How good are these projections?

I’m looking at this question with WEO reports dating back to 1999.

Here, for example, is a graph of next-year forecast errors for Spain, based on the Spring WEO reports.

So for the early part of the first decade after the turn of the century,  IMF economists underestimated Spanish growth slightly, much of the time.

With the onset of the financial crisis in 2007-2008, however, the IMF forecasts were off by several percentage points. And then, the large errors return in 2011, as the EU zone authorities enforced a draconian austerity on Spain.

The chart measures the forecast error as the difference between the forecast next year percent growth of real GDP minus the actual percent growth for that year. For simplicity, it is based just on the Spring release of the World Economic Outlook.

Given these errors, I wondered what a 95 percent confidence interval for future IMF projections for real GDP growth for Spain might look like.

Bootstrapping time series data is more complicated than bootstrapping a simple random sample of independent observations. Most time series, and certainly much business and economic time data, exhibit time-dependencies, such as autocorrelation between adjacent or close-by values in the series.

The bootstrap, of course, is a method of obtaining confidence intervals and parameter values from resampling the original sample, usually with replacement.
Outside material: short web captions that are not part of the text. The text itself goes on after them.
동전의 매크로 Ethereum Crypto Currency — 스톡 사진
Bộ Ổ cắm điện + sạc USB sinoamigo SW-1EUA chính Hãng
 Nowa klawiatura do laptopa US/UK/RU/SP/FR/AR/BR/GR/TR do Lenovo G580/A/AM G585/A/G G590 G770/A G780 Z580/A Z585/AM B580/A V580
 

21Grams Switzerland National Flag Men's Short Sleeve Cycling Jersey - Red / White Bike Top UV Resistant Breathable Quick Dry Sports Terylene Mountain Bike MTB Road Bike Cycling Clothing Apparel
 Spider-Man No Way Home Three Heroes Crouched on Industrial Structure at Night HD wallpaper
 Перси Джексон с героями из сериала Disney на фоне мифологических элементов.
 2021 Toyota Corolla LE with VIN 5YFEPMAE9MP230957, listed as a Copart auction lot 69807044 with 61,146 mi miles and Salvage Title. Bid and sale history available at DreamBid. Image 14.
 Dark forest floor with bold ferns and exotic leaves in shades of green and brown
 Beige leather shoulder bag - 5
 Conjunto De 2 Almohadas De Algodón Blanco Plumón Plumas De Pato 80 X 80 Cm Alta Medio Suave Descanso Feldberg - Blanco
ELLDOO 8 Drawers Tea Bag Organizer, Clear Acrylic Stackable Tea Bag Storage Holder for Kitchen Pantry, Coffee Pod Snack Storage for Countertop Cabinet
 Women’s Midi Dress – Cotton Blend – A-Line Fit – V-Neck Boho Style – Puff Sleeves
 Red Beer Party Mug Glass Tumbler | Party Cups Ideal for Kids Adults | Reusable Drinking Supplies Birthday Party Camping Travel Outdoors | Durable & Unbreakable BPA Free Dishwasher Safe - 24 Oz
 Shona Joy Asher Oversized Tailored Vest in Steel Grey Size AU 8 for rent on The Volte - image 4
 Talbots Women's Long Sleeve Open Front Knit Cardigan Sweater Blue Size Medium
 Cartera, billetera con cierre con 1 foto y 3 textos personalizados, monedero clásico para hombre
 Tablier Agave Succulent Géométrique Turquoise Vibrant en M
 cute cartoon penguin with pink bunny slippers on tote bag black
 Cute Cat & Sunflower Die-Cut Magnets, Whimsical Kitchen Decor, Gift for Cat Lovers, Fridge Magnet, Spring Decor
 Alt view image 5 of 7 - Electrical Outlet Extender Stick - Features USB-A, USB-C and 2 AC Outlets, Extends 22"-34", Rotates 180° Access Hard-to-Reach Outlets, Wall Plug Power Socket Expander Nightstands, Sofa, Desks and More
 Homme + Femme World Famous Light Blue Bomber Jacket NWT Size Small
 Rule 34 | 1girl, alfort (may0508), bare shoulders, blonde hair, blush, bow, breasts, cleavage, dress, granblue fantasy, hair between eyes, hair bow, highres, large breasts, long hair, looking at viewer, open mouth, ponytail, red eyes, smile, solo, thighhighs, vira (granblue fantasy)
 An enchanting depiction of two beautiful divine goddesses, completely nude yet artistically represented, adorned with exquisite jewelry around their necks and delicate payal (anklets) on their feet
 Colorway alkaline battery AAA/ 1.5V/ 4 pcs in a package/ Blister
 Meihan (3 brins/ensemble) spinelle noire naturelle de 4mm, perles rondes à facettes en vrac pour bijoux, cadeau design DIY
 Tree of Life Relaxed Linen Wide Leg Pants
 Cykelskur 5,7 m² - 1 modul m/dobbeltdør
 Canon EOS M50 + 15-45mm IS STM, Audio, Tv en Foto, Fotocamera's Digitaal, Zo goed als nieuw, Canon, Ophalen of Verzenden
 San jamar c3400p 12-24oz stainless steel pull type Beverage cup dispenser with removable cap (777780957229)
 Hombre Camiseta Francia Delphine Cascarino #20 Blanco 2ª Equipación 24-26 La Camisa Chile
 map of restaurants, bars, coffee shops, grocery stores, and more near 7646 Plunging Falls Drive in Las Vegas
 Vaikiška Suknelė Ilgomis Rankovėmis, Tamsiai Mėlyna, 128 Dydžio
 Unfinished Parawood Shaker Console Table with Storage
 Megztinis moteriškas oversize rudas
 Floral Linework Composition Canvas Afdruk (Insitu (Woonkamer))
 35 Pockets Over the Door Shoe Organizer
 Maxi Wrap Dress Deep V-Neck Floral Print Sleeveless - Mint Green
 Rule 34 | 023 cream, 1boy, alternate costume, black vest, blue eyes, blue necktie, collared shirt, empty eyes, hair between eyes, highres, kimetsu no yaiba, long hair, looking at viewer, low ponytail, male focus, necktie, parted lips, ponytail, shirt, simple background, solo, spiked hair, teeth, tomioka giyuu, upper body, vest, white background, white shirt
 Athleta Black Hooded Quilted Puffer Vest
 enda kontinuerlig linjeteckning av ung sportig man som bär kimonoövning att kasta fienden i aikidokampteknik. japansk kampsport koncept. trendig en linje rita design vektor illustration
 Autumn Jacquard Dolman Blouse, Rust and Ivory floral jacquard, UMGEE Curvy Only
A couple of valuable references are Wolfgang Härdle and coauthors paper Bootstrap Methods for Time Series and a much earlier paper by Künsch – The jackknife and the bootstrap for general stationary observations.

Because of the time dependency of errors in the above graph, I applied block sampling with overlaps. This in essence involved randomly selecting blocks of three consecutive errors from those shown in the graph and constituting 1000 bootstrap samples of length 12.

The mean error of these 1000 bootstrap samples was 0.802, and the percentile method gives 95 percent confidence intervals between -0.13367 and 1.808167.

Let’s think about what this means, and in what respect it is a reasonable estimate.

Basically, the suggestion is that, on average, the IMF in the current period is over-forecasting Spanish real economic growth by about 1 percent per annum. The bootstrap estimate confirms this, and indicates that forecast errors can well range as much as two percent too much.

But, one might counter, these bootstrap estimates are based on using the very large forecast error in 2008 – more than five percentage points error.

If the circumstances of 2008 are considered rare, a once-in-a-lifetime occurrence, then it is not reasonable, really, to include this in the boostrapping.

On the other hand, if one considers the situation in the Eurozone currently, with economic contraction on the agenda, following a year or two of record level unemployment in several countries (including Spain), a breakup of the eurozone would seem to be a continuing possibility. Of course, breakup of the eurozone would wreck unpredictable havoc on the global financial system, not to mention the further negative consequences for economic growth in Europe.

In this sense, 2008 may not be an outlier, and should be included in the bootstrap.

The bootstrap distribution for the 1000 bootstrap samples, shown below, looks to me more informative, than the simple year-by-year chart of errors above.

I find these techniques for bootstrapping parameters very intriguing, and I note the extensive technical literature on how best to guarantee fast convergence to unbiased values.